C.S. Lewis penned these lines inside a book he gifted to Sigmund Freud’s granddaughter-in-law June. To be clear, Lewis knew her then as June (Jill) Flewett, a sixteen-year-old who was moved to Oxford for safety as bombs fell over London during World War II. Of the children who stayed at the Lewis residence, affectionally known as the Kilns, none made a greater impact on Lewis than June.

Lewis’s stepson Douglas Gresham later wrote June to tell her she was the real life inspiration for the beloved Narnia character Lucy. For full disclosure, there are other theories for the inspiration of the lead child in Narnia, like Lewis’s goddaughter Lucy Barfield, to whom Lewis dedicated The Lion, the Witch, and the Wardrobe. One thing is certain, however, Lewis dearly loved June.

When June moved out to the Kilns, Lewis wrote her mother and expressed his sadness at her departure, “When June goes the only bright spot in our prospect goes with her.” June later married Sir Clement Freud — grandson of psychoanalyst Sigmund Freud. It’s likely Lewis and his brother Warren would have attended the wedding. Perhaps there, he may even have met the famous father of psychoanalysis whose writings Lewis mentioned in various publications.

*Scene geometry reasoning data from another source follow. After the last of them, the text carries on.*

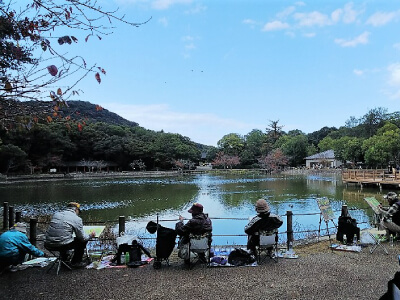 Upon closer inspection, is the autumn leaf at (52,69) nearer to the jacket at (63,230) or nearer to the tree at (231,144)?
the jacket at (63,230)

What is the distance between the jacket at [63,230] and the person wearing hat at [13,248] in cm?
37

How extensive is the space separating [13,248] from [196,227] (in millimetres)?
2453

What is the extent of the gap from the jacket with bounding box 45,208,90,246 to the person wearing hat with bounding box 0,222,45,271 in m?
0.37

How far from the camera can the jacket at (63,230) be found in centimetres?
402

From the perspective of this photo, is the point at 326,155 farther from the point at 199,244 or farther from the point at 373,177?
the point at 199,244

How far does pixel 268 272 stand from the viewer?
397cm

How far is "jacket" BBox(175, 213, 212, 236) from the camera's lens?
4.18 metres

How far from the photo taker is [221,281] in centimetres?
367

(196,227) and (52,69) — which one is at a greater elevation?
(52,69)

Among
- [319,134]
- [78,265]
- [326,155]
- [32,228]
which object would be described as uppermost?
[319,134]

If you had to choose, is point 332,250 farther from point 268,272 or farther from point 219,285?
point 219,285

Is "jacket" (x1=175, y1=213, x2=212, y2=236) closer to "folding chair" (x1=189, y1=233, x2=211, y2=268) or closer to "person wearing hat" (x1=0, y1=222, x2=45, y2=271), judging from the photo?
"folding chair" (x1=189, y1=233, x2=211, y2=268)

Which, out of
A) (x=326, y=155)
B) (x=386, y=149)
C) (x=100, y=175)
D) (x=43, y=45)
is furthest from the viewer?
(x=326, y=155)

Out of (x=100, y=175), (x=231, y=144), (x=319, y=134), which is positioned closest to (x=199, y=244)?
(x=100, y=175) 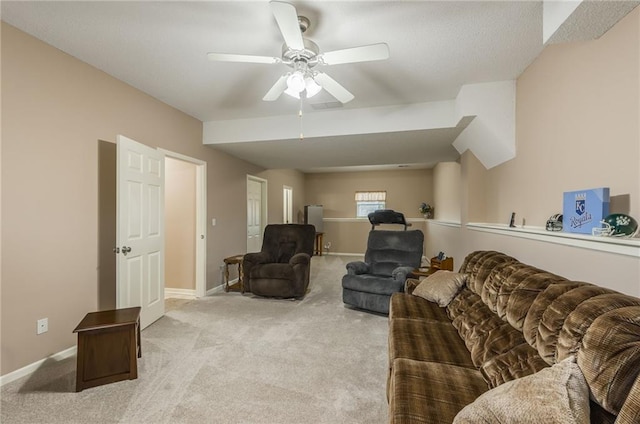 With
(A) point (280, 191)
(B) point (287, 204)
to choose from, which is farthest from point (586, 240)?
(B) point (287, 204)

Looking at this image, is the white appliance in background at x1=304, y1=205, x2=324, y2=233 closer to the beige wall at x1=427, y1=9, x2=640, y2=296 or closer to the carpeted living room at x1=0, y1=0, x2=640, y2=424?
the carpeted living room at x1=0, y1=0, x2=640, y2=424

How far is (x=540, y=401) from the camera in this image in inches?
34.2

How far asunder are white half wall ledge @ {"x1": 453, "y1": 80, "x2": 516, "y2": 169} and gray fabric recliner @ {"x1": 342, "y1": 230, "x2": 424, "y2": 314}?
4.85 ft

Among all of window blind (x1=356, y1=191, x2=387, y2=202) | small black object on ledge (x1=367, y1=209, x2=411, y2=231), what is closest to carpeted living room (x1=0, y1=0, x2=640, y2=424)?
small black object on ledge (x1=367, y1=209, x2=411, y2=231)

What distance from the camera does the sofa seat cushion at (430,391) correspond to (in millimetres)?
1133

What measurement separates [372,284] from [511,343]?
6.88ft

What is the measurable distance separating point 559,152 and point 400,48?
1.36m

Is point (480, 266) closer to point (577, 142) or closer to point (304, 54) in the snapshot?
point (577, 142)

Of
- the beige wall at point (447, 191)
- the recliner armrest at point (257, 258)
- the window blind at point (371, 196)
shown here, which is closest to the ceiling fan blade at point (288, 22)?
the recliner armrest at point (257, 258)

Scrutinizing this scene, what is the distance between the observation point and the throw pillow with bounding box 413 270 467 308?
2.45 metres

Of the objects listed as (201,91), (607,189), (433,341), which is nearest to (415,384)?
(433,341)

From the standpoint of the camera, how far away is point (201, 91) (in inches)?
124

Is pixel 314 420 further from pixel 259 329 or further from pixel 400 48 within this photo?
pixel 400 48

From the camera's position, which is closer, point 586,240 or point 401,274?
point 586,240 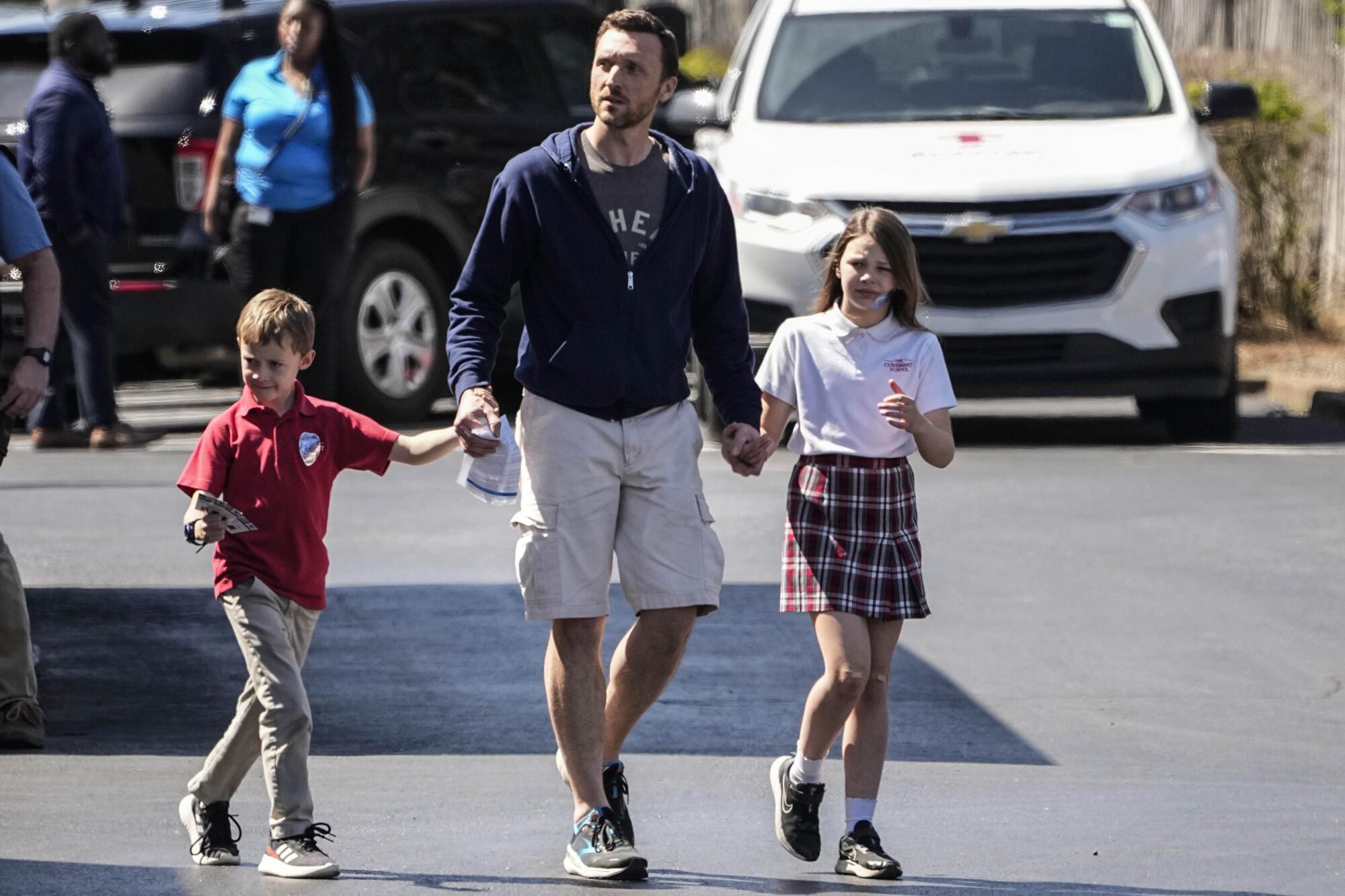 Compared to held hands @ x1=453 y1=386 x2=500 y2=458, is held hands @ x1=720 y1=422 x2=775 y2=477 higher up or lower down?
lower down

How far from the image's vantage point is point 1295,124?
1542 centimetres

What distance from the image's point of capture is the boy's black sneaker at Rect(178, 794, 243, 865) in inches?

In fact, there is better support for this chance encounter than anything in the recent release “Freud’s Last Session” staring Anthony Hopkins. Hopkins is no stranger to C.S. Lewis. The acclaimed actor played the beloved author in the film Shadowlands thirty years ago. Like Shadowlands, the new feature includes some glaring historical inaccuracies. But it excels all the more in misrepresenting reality. It weds contested details with outlandish speculation. Just before the credits roll, a statement appears on the big screen that Freud once met with an unnamed Oxford don and that no one will ever know if it was Lewis or not. To say it was very unlikely C.S. Lewis with whom Freud met is a massive understatement.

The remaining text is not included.